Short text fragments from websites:
===============
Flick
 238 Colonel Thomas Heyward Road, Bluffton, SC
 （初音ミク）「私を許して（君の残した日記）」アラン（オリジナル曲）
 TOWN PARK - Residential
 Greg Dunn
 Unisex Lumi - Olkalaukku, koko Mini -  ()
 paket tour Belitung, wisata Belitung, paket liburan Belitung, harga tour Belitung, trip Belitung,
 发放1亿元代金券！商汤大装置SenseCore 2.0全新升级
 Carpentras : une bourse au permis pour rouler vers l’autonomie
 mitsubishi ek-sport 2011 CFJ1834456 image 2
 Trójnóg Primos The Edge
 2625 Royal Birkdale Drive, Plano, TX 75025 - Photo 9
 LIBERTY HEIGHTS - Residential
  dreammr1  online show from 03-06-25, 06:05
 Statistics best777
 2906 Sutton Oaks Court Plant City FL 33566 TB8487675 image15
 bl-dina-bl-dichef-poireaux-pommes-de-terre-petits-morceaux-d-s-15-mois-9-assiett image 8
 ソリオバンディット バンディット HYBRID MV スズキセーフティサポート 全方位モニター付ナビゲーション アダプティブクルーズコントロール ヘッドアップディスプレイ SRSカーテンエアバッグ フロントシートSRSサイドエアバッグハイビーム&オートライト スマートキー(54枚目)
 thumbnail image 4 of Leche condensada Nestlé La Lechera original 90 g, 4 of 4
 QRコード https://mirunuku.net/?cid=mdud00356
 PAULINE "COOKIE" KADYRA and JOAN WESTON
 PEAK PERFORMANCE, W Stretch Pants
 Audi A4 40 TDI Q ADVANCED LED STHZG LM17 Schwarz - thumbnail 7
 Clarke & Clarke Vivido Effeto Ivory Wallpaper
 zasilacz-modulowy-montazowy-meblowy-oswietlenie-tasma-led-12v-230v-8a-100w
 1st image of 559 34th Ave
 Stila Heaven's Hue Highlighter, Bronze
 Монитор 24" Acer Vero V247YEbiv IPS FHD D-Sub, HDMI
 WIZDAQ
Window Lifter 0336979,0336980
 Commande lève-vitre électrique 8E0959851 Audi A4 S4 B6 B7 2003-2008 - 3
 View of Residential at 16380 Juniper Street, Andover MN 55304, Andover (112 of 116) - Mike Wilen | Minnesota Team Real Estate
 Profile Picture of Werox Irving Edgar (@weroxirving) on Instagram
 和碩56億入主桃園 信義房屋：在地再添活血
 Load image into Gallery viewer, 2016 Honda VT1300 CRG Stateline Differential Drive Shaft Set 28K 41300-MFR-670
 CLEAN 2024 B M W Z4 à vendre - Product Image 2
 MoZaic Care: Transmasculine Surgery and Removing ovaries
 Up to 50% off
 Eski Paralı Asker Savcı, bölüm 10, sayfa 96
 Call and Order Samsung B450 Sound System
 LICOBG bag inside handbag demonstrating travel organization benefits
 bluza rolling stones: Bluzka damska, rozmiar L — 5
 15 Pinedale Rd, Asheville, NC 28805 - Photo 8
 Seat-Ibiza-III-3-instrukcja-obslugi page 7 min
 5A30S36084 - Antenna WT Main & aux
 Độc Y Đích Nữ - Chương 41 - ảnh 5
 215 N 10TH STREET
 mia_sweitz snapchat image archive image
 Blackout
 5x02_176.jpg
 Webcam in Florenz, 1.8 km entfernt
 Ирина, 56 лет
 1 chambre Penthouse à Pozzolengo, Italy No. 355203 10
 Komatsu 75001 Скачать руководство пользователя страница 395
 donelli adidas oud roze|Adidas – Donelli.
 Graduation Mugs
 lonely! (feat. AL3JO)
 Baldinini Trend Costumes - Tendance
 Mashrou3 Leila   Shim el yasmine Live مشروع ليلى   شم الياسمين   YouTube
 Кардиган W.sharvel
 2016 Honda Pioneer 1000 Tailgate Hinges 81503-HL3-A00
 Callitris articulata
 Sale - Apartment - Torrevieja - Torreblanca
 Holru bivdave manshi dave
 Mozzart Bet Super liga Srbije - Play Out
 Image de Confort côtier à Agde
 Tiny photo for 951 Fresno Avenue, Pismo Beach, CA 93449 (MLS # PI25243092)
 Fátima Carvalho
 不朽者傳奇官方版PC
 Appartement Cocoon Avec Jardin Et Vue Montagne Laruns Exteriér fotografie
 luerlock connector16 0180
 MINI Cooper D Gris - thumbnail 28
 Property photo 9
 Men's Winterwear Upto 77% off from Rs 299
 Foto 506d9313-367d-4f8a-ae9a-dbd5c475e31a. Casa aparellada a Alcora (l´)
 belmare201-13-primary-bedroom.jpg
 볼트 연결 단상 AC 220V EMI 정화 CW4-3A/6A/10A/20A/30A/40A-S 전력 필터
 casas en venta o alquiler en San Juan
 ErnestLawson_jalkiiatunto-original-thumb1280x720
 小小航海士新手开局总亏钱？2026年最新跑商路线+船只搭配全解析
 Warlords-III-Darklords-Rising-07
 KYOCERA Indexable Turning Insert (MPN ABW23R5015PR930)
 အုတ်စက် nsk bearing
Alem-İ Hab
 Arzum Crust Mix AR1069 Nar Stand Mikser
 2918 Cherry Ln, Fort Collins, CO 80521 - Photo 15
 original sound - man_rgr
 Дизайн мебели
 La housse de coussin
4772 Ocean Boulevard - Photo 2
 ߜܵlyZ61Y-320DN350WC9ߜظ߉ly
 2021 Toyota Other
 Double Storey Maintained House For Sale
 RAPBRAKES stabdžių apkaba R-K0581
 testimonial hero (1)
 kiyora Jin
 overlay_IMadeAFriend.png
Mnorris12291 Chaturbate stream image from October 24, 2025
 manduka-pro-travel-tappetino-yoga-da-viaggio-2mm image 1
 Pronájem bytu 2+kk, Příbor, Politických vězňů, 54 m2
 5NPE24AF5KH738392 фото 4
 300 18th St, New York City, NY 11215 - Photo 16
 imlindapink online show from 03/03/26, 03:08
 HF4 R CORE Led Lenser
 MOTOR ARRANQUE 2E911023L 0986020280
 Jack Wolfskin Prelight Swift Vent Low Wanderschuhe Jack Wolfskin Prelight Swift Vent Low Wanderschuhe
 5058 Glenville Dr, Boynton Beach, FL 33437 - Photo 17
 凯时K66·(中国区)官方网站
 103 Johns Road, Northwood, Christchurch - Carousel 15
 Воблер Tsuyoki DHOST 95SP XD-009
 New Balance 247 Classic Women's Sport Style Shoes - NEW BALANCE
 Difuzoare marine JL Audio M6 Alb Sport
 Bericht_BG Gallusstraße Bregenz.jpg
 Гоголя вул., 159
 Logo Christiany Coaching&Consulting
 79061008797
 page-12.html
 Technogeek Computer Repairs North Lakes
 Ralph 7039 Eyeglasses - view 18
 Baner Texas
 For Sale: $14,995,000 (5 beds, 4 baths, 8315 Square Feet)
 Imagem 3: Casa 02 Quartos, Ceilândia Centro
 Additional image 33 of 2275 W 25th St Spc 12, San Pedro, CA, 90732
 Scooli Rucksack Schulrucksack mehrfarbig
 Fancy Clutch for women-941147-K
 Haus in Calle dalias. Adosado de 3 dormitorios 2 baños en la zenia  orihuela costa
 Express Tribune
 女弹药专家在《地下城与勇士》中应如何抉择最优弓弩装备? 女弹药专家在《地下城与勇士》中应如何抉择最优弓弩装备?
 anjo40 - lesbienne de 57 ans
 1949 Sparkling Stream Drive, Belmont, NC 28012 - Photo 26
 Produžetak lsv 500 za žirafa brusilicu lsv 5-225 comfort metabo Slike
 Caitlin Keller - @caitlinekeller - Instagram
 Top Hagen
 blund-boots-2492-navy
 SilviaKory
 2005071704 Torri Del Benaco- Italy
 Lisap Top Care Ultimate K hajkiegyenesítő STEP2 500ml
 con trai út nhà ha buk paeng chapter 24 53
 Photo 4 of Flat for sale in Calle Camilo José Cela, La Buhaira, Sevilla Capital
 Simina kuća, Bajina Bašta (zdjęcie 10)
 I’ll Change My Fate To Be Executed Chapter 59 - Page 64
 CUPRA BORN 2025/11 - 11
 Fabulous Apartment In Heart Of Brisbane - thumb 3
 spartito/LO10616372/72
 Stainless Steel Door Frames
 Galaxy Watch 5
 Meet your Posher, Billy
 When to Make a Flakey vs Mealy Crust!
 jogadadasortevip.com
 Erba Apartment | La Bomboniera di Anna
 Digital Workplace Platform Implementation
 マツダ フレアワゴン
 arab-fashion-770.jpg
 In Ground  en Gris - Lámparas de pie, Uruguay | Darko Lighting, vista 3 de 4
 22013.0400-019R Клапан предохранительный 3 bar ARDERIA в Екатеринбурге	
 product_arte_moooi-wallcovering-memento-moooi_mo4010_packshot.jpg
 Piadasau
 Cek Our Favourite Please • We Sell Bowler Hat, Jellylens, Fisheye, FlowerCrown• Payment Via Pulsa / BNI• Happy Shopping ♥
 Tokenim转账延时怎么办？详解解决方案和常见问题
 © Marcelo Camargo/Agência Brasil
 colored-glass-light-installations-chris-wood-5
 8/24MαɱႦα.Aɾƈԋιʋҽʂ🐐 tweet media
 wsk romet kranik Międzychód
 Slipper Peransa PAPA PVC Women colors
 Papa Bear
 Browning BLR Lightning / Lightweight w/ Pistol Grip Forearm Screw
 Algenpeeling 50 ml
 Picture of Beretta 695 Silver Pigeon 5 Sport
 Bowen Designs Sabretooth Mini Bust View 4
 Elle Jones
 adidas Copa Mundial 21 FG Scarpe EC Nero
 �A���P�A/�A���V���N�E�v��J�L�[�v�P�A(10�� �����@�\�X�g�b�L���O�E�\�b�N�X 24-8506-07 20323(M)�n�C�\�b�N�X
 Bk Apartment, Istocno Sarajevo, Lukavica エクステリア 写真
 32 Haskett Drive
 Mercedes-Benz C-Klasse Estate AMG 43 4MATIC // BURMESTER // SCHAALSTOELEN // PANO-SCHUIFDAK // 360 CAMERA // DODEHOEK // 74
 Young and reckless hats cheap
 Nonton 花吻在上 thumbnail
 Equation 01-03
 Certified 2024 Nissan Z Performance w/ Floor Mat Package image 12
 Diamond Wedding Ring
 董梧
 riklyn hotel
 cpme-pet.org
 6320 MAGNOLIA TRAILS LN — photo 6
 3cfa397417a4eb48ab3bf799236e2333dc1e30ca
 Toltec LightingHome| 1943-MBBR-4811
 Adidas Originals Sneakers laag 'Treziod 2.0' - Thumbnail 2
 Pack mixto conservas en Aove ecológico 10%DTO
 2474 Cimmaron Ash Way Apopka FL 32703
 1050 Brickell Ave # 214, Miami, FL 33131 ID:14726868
===============
* _WHAT YOU WILL DO_
From the records above, print only the lines between the one holding "con trai út nhà ha buk paeng chapter 24 53" and the one holding "Picture of Beretta 695 Silver Pigeon 5 Sport", inclusive, exactly as they stand.

* _RESULT OF THIS TASK_
 con trai út nhà ha buk paeng chapter 24 53
 Photo 4 of Flat for sale in Calle Camilo José Cela, La Buhaira, Sevilla Capital
 Simina kuća, Bajina Bašta (zdjęcie 10)
 I’ll Change My Fate To Be Executed Chapter 59 - Page 64
 CUPRA BORN 2025/11 - 11
 Fabulous Apartment In Heart Of Brisbane - thumb 3
 spartito/LO10616372/72
 Stainless Steel Door Frames
 Galaxy Watch 5
 Meet your Posher, Billy
 When to Make a Flakey vs Mealy Crust!
 jogadadasortevip.com
 Erba Apartment | La Bomboniera di Anna
 Digital Workplace Platform Implementation
 マツダ フレアワゴン
 arab-fashion-770.jpg
 In Ground  en Gris - Lámparas de pie, Uruguay | Darko Lighting, vista 3 de 4
 22013.0400-019R Клапан предохранительный 3 bar ARDERIA в Екатеринбурге	
 product_arte_moooi-wallcovering-memento-moooi_mo4010_packshot.jpg
 Piadasau
 Cek Our Favourite Please • We Sell Bowler Hat, Jellylens, Fisheye, FlowerCrown• Payment Via Pulsa / BNI• Happy Shopping ♥
 Tokenim转账延时怎么办？详解解决方案和常见问题
 © Marcelo Camargo/Agência Brasil
 colored-glass-light-installations-chris-wood-5
 8/24MαɱႦα.Aɾƈԋιʋҽʂ🐐 tweet media
 wsk romet kranik Międzychód
 Slipper Peransa PAPA PVC Women colors
 Papa Bear
 Browning BLR Lightning / Lightweight w/ Pistol Grip Forearm Screw
 Algenpeeling 50 ml
 Picture of Beretta 695 Silver Pigeon 5 Sport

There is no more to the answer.